Snaps
8 November 2019

Hungary’s budget numbers give the government more options

Hungary's year-to-date government deficit came in at just 58% of the year-end target in October. Driven mainly by EU projects, this surprise could give the government more options when it comes to spending

081119-image-hungary_parliament_building.jpg
Hungary's parliament building in Budapest

Hungary's October year-to-date balance of the cash-flow based general government budget showed a HUF 575.4bn deficit, only 57.6% of the full-year target. Budget execution is going better than planned, and it gives the government more wiggle room for more fiscal spending should it chose to do so. A year-end stimulus could translate into a higher fiscal impulse in 2020, counteracting a slowing economic activity.

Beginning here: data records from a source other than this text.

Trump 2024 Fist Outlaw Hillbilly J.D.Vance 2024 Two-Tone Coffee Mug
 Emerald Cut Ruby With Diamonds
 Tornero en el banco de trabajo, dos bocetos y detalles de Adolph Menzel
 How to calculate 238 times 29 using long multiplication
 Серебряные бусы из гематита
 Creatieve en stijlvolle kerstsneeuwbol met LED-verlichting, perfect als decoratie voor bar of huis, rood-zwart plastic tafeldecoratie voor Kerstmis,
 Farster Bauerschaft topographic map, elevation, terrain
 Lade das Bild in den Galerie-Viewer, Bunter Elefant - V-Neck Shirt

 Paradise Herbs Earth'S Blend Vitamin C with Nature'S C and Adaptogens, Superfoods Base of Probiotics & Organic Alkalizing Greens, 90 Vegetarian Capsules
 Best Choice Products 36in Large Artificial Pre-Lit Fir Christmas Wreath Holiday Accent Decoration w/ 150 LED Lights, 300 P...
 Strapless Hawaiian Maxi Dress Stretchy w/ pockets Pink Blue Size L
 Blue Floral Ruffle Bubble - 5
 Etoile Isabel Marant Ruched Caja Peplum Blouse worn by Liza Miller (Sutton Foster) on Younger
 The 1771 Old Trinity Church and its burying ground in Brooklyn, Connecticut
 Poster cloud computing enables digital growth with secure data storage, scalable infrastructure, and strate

Cash-flow based year-to-date central budget balance

Source: Ministry of Finance
Ministry of Finance

The monthly deficit came in at HUF 272bn out of which the majority (HUF 160bn) was related to net flows of EU money, as the government continued pre-financing with only a small amount of inflow from Brussels. Other than this, the different measures of the Economic Protection Action Plan are elevating the expenditure side. In November, another ad-hoc expenditure will burden the budget: a one-off premium for pensioners worth some HUF 50bn.

The revenues are still being driven by the tight labour market, high wage growth, elevated consumption and the retreat of the shadow economy. The collection of most taxes up to October rose to 81-88% of the budgeted revenue for 2019 as a whole; that's much higher than the average of the last four years. The revenue side of the budget is likely to overachieve. Should the government decide not to ramp up spending towards the end of the year, we see the final deficit figure coming in significantly better than the 1.8% of GDP target.